ACTIVITY: Reproduce verbatim all of the data given below, but do not carry over the images.

EXERCISE DATA:
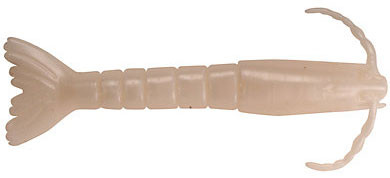 Gulp Shrimp Pearl White 3" 6pc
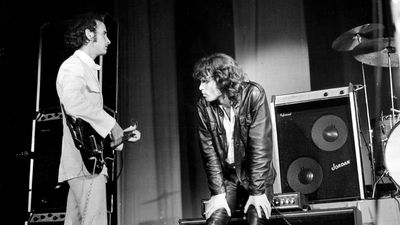 “I’m still looking for my original SG. If anyone out there knows anything about that, please call me. Seriously!” Robby Krieger is trying to track down his stolen Gibson SG Special used on Light My Fire and the Doors’ most iconic material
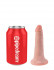 Анальный фаллоимитатор на присоске 5" Cock - 14 см., Pipedream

RESPONSE AREA:
 Gulp Shrimp Pearl White 3" 6pc
 “I’m still looking for my original SG. If anyone out there knows anything about that, please call me. Seriously!” Robby Krieger is trying to track down his stolen Gibson SG Special used on Light My Fire and the Doors’ most iconic material
 Анальный фаллоимитатор на присоске 5" Cock - 14 см., Pipedream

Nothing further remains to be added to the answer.